Randolph Beall bought half interest in this newspaper in December 1892 and the newspaper plant was moved to 115 N. Taylor at this time. In February 1893, Walter Beall bought T. F. Armstrong’s interest in the newspaper.
Walter Hamlin Beall graduated from Mt. Ayr High School in 1889, spent a couple years at Simpson College, and then worked as a stenographer in Des Moines before returning to Mount Ayr. Randolph and Walter’s father, Ithamar Sry Beall, co-founded the Ringgold Record in 1865.
Soon after the brothers took charge of the paper, the name was changed to Twice-A-Week News and was published on Tuesday and Friday. Also, the Twice-A-Week News was now a Prohibitionist Party newspaper.
The paper was a success and the brothers needed to expand. In May 1897, Ed Case was hired to lay the brick for the new, two-story building at 111 E. Madison, the current home of Lefty’s Club Tavern. J. R. Hillhouse would burn the brick at his south yard. Randolph and Walter moved into their new office in October 1897.
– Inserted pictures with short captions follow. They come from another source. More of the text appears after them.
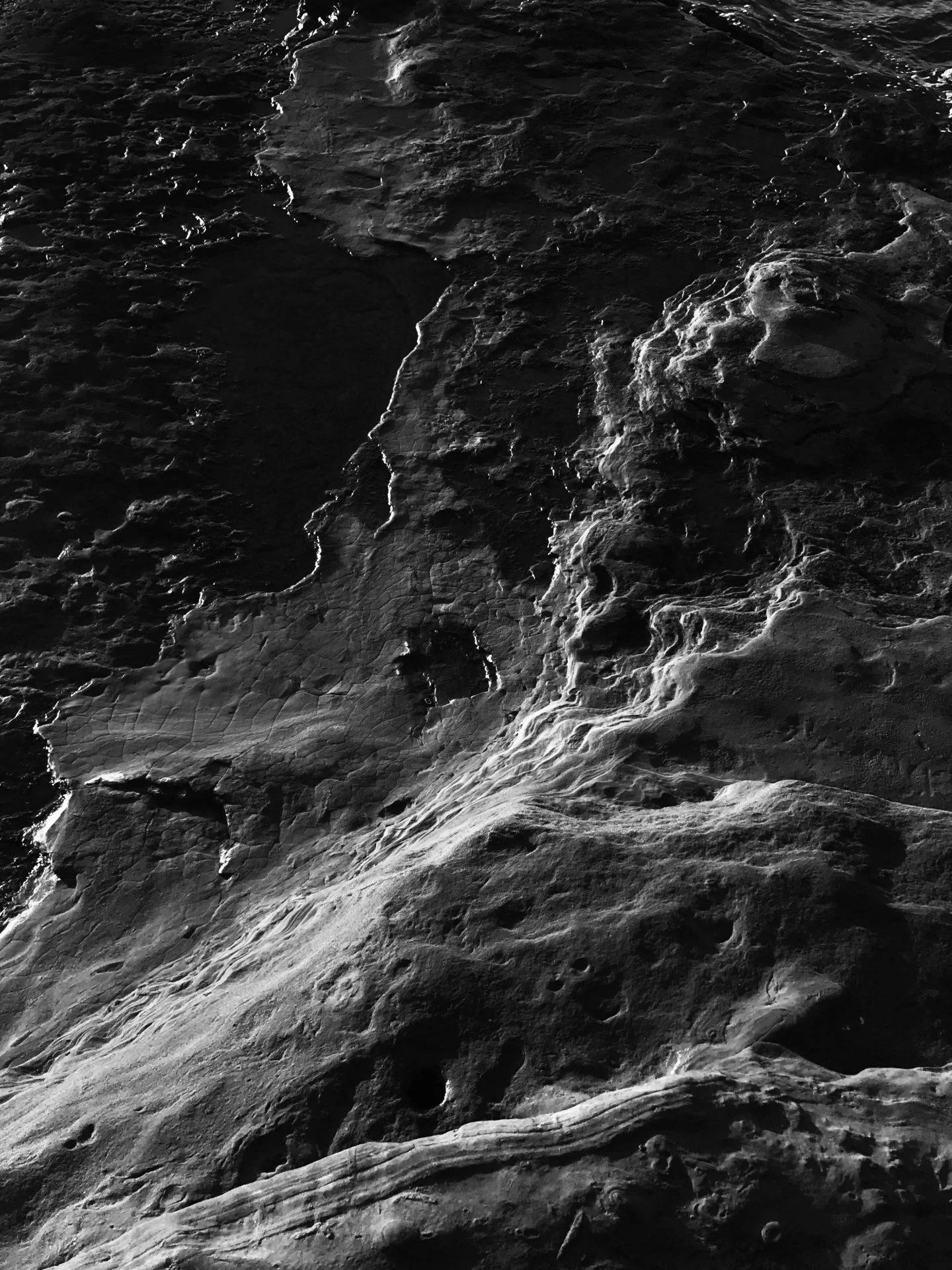 Plain Black iPhone Wallpaper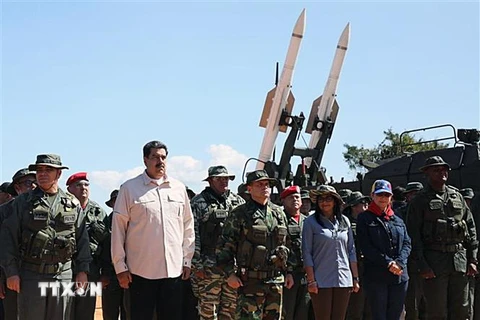 Tổng thống Nicolas Maduro (thứ 2 trái) thị sát cuộc tập trận của lực lượng vũ trang Venezuela ở Fort Guaicaipuro, bang Miranda, Venezuela, ngày 10/2/2019. (Ảnh: AFP/TTXVN)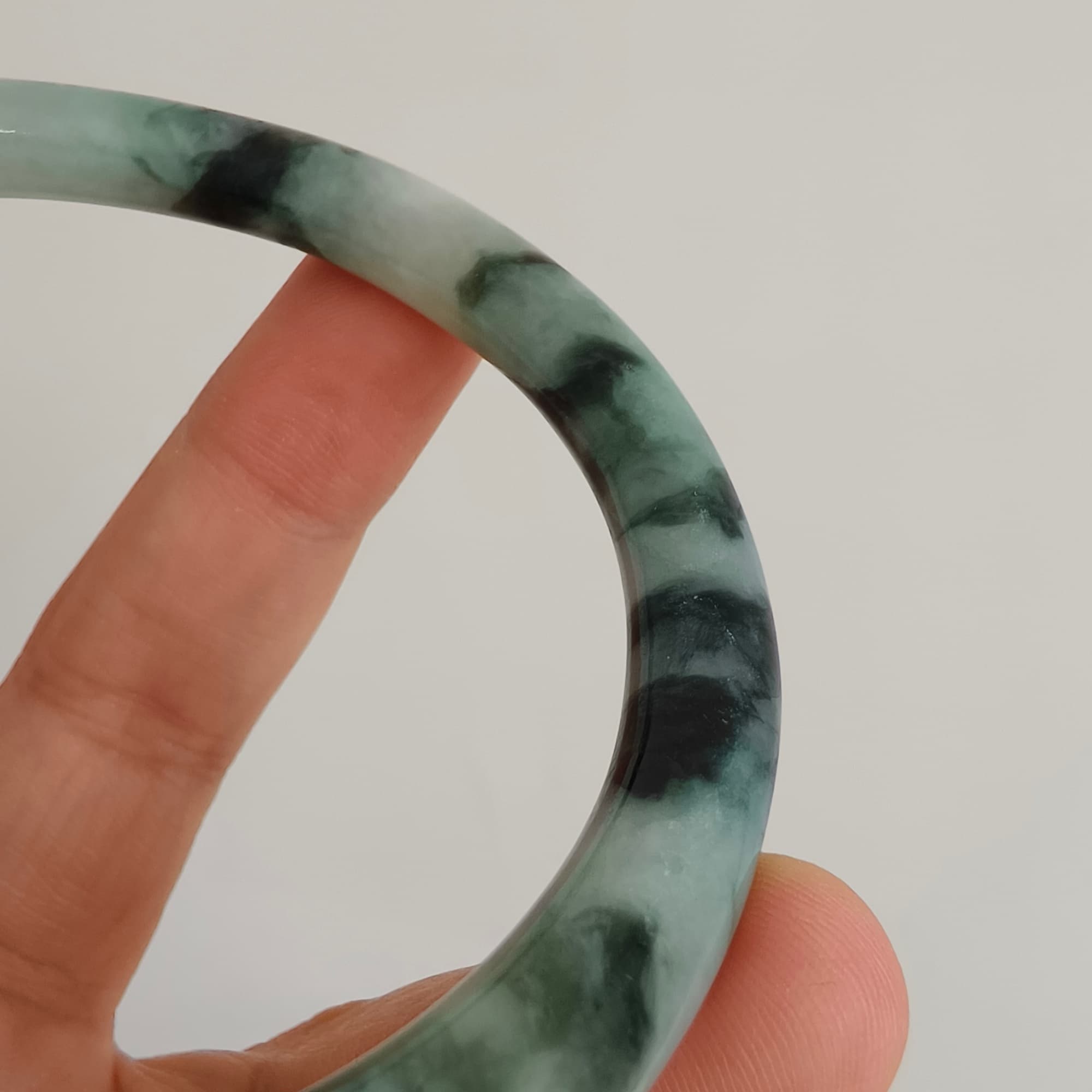 DDP 60mm Natural Type A Certificated Green White Moss In Snow Burmese Jadeite Round Band Bangle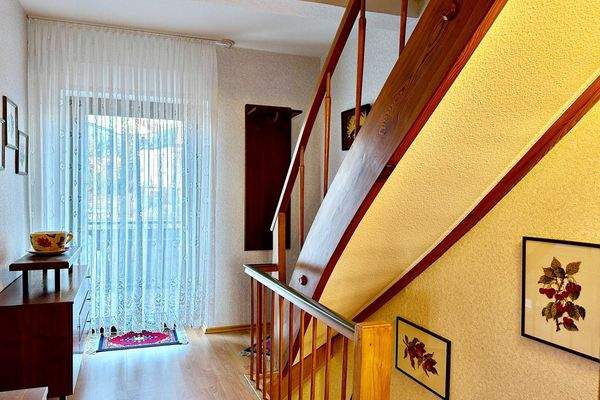 Flur OG mit Zugang zum Balkon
The other newspapers were busy, too. Howard Tedford joined his father at the Ringgold Record in January 1893. Howard was an extremely capable man as he later became a book binder for the State of Iowa, and, still later, became secretary for Republican U. S. Representative, Karl LeCompte. LeCompte was once owner of the Corydon Republican-Times newspaper.
In 1895, Sam Spurrier came from Clearfield to manage the mechanical department of the Ringgold Record. His role at the Record would change in the future.